Small business tax expert Jean Murray recently posted important reminders for owners of S Corporations based on the results of two recent tax court cases where the IRS ruled on S Corp owners not taking salaries. In one case, the owner reported a net income for himself as president, but didn’t issue a W-2 or report income from his S Corp. In another case, the owner, the only full-time employee, stopped taking a salary during a tough year and transferred personal funds, without any documentation, to the company to cover expenses.
Murray reports the following important reminders:
- S Corporation owners who work in the business are employees. The IRS expects that owner/employees to take a salary, and it must be “reasonable,” based on the typical salary for that type of position.
- Amounts paid to owner/employees are subject to all payroll taxes and are subject to all payroll taxes and tax reports.
- If a business owner loans money to a business, there should be documentation of that loan; it must be an “arms length” transaction, as if the owner and the business were not related. Even if the business repays the owner for a loan, that owner must still receive a reasonable salary.

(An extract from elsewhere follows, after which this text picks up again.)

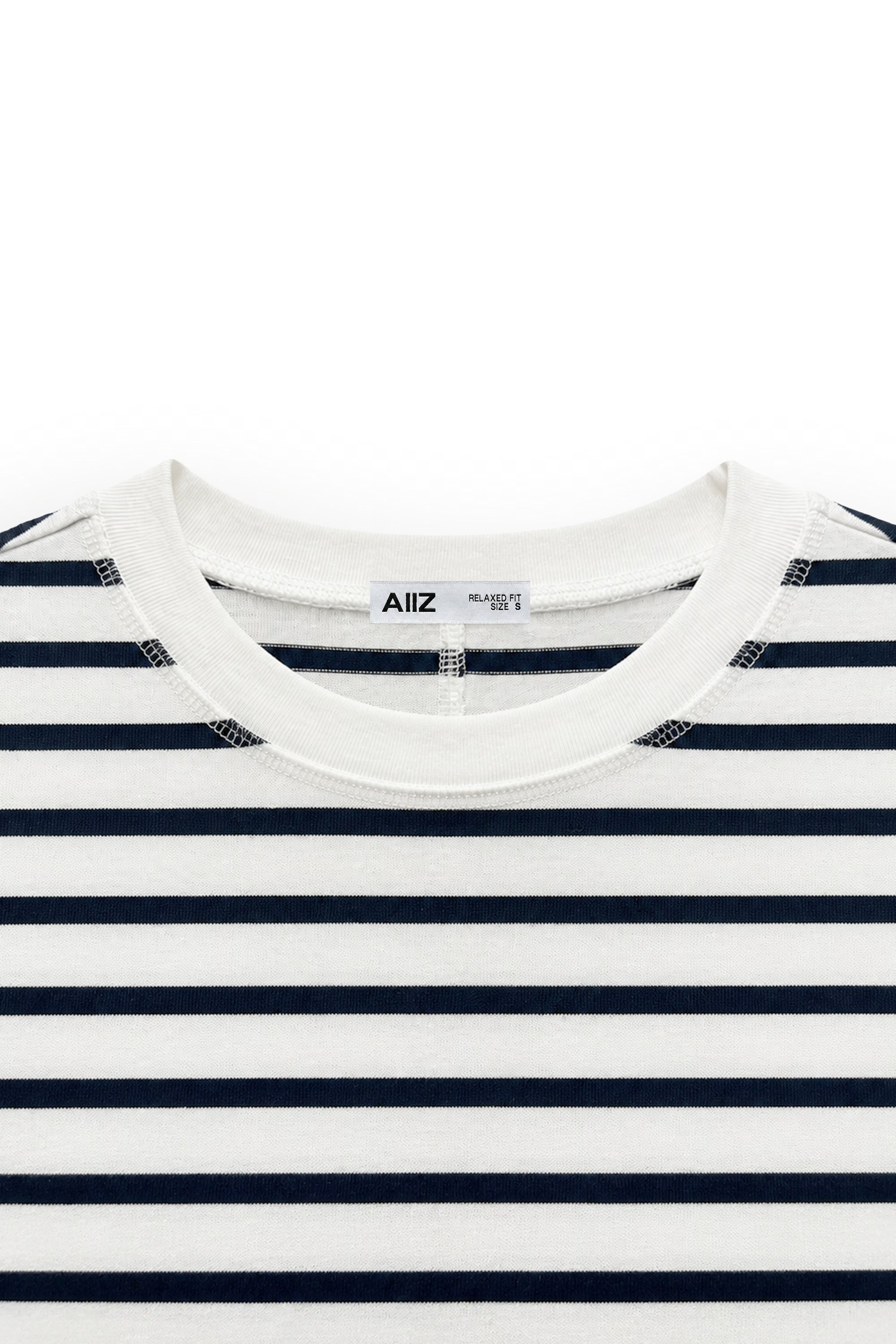 AIIZ Women's Steiped Boxy T-Shirt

I’m often asked how one determines a reasonable salary. I point to IRS fact sheet FS-2008-25, Wage Compensation for S Corporation Officers, that lists the following factors in determining reasonable compensation: training and experience, duties and responsibilities, time and effort devoted to the business, dividend history, payments to non-shareholder employees, timing and manner of paying bonuses to key people, what comparable businesses pay for similar services, compensation agreements, and the use of a formula to determine compensation.
The U.S. Department of Labor’s Bureau of Labor Statistics, local employment agencies, and your own market research can all provide data on comparable compensation.